**Problem statement**
Give the number of lines in the data that hold the word "levels", and nothing else.
*** Extracted entries
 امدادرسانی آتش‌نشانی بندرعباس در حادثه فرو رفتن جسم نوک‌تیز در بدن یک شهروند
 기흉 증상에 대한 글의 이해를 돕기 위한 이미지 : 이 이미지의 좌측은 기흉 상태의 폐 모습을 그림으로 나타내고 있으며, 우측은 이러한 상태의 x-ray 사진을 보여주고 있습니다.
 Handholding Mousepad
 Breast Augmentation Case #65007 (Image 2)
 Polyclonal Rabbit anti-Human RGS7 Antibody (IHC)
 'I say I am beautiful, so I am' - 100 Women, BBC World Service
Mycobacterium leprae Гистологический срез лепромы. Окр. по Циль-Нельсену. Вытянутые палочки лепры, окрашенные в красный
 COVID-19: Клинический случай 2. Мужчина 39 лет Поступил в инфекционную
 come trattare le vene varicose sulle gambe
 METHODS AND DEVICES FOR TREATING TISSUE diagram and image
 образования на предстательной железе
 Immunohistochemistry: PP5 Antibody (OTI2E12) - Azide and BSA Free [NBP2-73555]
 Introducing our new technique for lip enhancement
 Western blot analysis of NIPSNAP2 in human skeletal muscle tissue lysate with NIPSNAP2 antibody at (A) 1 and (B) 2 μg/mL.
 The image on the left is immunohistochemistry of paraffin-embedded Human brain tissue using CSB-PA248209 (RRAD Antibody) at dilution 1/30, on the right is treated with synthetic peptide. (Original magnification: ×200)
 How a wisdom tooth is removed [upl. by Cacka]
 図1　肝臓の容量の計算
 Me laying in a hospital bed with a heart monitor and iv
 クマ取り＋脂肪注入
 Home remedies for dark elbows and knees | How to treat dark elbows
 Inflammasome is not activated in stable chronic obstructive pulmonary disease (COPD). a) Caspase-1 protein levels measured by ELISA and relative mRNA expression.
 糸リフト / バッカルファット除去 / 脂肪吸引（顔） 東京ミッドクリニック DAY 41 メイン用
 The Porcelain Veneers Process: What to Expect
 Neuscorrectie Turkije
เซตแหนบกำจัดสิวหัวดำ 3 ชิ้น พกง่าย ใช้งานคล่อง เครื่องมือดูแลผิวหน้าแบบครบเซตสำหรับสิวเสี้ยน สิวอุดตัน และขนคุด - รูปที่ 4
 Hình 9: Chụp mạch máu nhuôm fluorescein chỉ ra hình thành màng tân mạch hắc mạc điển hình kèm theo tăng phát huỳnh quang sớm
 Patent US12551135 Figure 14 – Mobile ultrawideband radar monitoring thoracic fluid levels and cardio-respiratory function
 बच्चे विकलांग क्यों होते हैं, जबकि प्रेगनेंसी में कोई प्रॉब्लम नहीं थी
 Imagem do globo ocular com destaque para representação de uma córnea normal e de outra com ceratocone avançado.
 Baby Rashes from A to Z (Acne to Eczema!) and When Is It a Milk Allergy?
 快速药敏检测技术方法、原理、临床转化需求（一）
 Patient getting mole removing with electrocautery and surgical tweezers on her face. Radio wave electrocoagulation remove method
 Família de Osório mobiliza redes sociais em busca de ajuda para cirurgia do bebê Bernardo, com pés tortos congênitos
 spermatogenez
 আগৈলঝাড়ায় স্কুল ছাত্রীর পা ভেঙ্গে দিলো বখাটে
******
**Written answer**
2